Incidentally the premiums where they are fixed by competitive bidding are made a means of determining the priority in the making of loans where there are several applicants therefor, the loan being made to the highest bidder. The real reason of this bidding, however, is not simply to determine the order in which the loans shall be *558made, as this could be determined by the order of application for the money, or in other ways more equitable than that of bidding for the money. It is done in order by trading upon the necessities of the borrower to secure as large a bonus as possible for the association, in pursuance of the policy of maturing shares as early as possible. If, then, the policy of the law with respect to these associations is to make the premiums, and by necessary consequence the interest, paid by the borrower as large as possible, there is no good reason to object to any reasonable premium as infringing the usury law.

Fixing the amount of premium by competitive bidding in making each loan merely introduce into the association an element of chance whereby one class of borrowers will profit at the expense of the others. All who bid less than the average of all the premiums paid will profit at the expense of those who bid more than the average. The association as a whole will not benefit by the inequality. Its profits will be equally great if all pay the average premium, and the equitable plan would be to require this uniform payment. I can not conceive that this inequality of burden, the extent of which is dependent upon the number and necessities of those who may happen to desire a loan at the same time, as the successful bidder is so inherently essential to the purpose which the statute was designed to favor, that an association not adopting it should be excluded from the benefits of the act in reference to such associations.

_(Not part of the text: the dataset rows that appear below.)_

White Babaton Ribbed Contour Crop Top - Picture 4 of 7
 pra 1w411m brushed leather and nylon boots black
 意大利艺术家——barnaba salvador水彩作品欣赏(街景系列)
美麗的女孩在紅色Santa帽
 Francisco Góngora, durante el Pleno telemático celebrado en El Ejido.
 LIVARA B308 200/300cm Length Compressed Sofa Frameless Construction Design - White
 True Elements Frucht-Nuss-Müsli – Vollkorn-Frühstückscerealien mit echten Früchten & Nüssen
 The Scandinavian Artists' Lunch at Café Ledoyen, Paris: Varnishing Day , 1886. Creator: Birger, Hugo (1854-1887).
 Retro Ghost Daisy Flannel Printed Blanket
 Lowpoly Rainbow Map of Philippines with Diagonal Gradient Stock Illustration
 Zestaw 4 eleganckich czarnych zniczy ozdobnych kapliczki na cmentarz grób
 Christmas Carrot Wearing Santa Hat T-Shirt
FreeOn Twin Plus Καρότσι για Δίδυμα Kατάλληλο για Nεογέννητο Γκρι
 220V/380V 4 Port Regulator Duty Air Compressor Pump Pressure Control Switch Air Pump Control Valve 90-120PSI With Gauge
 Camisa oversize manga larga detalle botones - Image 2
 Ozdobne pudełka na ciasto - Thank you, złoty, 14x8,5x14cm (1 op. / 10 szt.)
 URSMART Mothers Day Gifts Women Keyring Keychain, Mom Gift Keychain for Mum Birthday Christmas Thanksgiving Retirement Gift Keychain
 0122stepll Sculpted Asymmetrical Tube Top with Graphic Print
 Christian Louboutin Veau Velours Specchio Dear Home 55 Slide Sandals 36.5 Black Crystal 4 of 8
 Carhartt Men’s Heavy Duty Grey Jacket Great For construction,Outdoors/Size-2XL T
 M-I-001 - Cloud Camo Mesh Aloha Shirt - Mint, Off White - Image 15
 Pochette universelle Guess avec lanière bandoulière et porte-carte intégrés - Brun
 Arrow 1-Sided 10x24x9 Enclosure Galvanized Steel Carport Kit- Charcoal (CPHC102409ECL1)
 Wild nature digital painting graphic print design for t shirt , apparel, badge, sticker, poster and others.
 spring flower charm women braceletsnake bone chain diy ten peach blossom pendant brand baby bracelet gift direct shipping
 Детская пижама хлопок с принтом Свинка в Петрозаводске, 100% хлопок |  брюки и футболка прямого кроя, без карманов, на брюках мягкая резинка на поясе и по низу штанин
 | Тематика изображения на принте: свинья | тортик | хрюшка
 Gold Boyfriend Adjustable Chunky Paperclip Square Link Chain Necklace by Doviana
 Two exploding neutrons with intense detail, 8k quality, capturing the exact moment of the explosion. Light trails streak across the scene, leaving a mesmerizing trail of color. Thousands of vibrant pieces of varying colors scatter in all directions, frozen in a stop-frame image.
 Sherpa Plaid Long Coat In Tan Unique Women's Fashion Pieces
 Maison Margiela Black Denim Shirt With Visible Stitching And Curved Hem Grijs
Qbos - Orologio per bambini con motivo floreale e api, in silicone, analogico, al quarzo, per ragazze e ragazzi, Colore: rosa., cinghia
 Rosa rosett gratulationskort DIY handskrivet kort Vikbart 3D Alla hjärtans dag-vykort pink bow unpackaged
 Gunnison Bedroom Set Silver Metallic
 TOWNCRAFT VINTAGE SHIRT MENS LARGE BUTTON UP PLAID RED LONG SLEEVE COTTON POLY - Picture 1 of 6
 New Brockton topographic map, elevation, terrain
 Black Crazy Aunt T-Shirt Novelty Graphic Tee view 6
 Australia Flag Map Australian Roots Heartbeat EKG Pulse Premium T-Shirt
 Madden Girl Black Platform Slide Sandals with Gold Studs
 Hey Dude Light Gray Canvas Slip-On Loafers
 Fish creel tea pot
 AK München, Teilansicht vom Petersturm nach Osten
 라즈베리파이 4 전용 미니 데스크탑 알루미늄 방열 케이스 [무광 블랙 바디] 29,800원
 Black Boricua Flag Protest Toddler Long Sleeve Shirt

The appellee is a foreign building and loan association. Such associations doing business over a wide territory can not assemble their members as can the local companies, and put their money up at auction. So far as my acquaintance with them extends, they invariably adopt the fixed premium, and' no other would be reasonably practicable. It was in reference to these associations doing business in this way that the act above quoted was passed, and they should have the benefit of it.